Same here, I'm in the TI-99 as first computer club as well.

98% of what I did on it was just play cartridge games, but I did have a year or so of trying to type in Basic programs from library magazines. None of them ever came close to working since they were never for TI's weird dialect of Basic and I didn't know anything about the differences. Mostly what I did was CALL COLOR instructions for some pretty colors. I think the furthest I ever got with Basic was the "higher/lower" guess-the-number game. Eventually then we got a Tandy 1000 with GW-Basic and I moved on to that.

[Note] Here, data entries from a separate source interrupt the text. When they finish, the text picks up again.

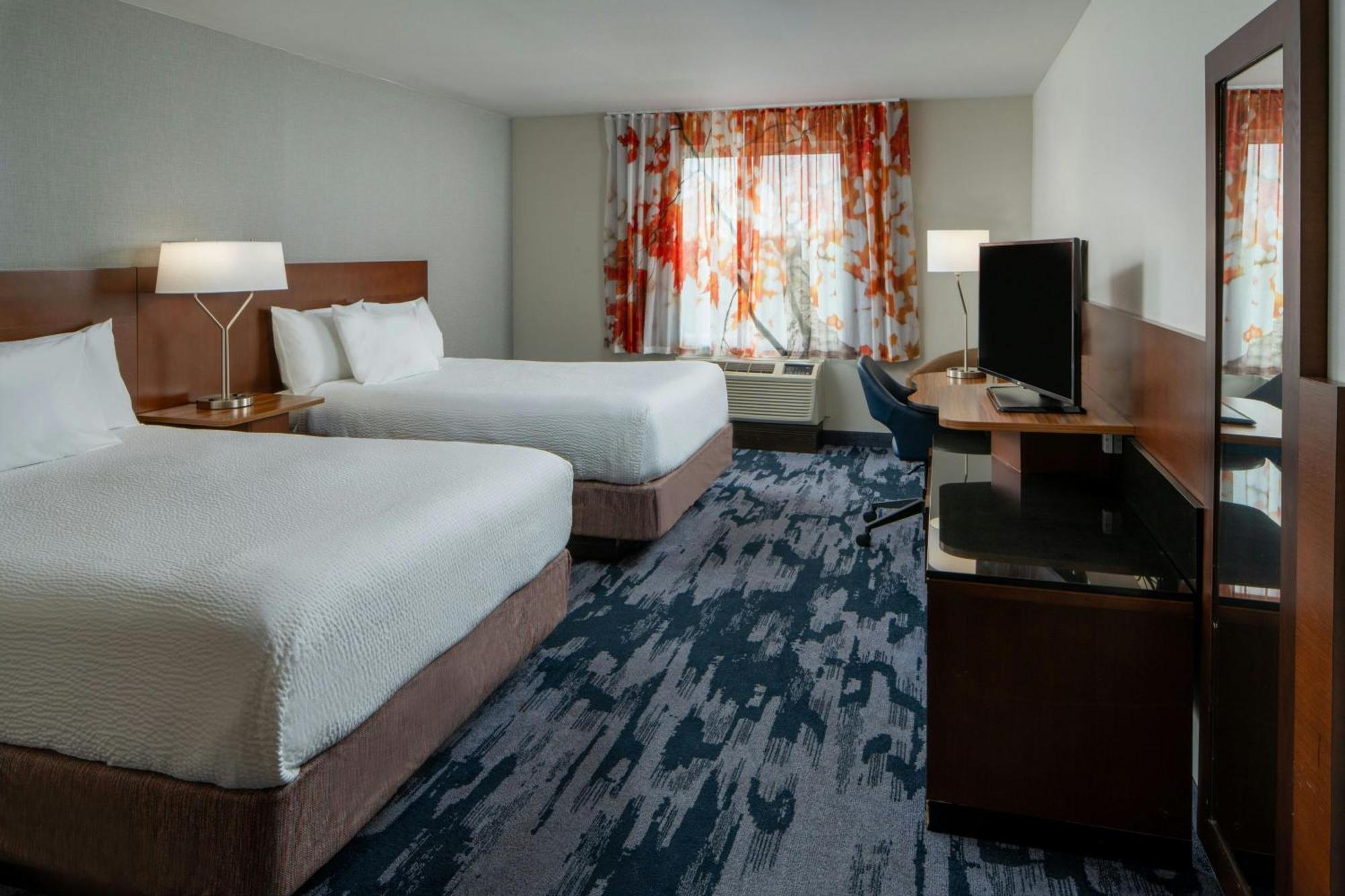 Queen Room Two Queen Beds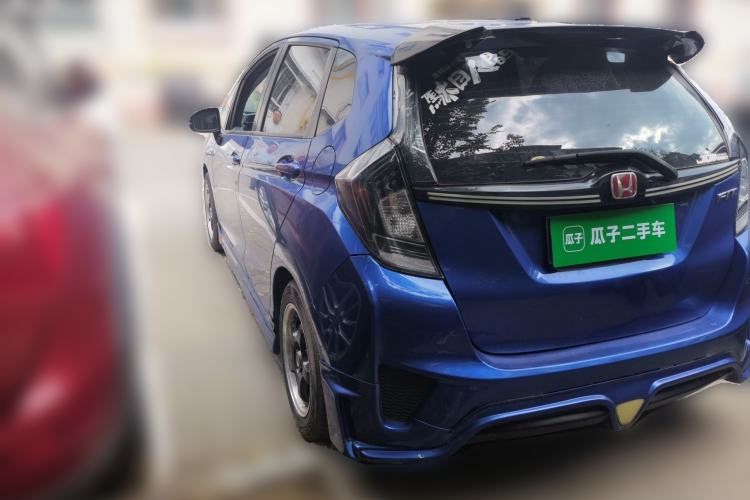 Used Honda Fit 2016 1.5L LX Manual Comfort Model Exterior 3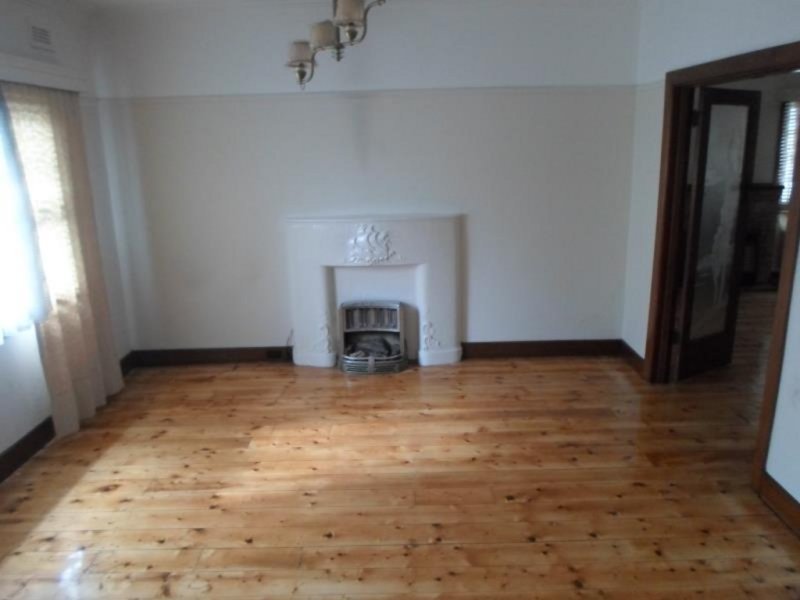 Gallery: 56 Roberts Street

Parsec still rocks hard though. I've rolled over the score on it: http://dos486.com/misc/parsec.jpg


> Parsec still rocks hard though.

Hell yes it does. Good shot commander!


I didn't really get into Parsec. Tombstone City was my jam. And then I bought the Editor / Assembler package and it came with the source for Tombstone City as an example. It turns out the algorithm for figuring out which tumbleweed was going to turn into a monster was very simple. Reading that one bit of the source, I was able to predict where the bad guys would spawn and be ready for them. After that I could flip the counter and pretty much play as long as I wanted on two or three lives.

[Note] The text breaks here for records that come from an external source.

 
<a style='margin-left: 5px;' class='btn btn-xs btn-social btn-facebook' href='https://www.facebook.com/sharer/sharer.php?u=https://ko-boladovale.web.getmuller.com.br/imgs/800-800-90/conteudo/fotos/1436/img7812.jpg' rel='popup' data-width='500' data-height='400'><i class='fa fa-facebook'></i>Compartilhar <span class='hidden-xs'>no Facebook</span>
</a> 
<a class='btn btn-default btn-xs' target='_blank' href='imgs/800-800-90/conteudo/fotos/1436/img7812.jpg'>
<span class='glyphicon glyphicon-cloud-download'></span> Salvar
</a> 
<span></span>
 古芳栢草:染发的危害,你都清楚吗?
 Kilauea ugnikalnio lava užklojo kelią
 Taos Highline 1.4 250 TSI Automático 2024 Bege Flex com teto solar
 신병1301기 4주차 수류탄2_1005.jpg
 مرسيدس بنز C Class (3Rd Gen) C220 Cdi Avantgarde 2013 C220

But yes. Old games. They rock.


I figured that out just from playing Tombstone City. It's the first paired cactus by scanning the board in reading order (each row from the top, left-to-right.) (You mean a cactus that turns into a monster, not a tumbleweed.) And yes, once you know that, the game is pretty easy when you can anticipate every threat. I remember being able to go for at least a couple hours in one game; don't remember if I ever rolled it over or got bored before that.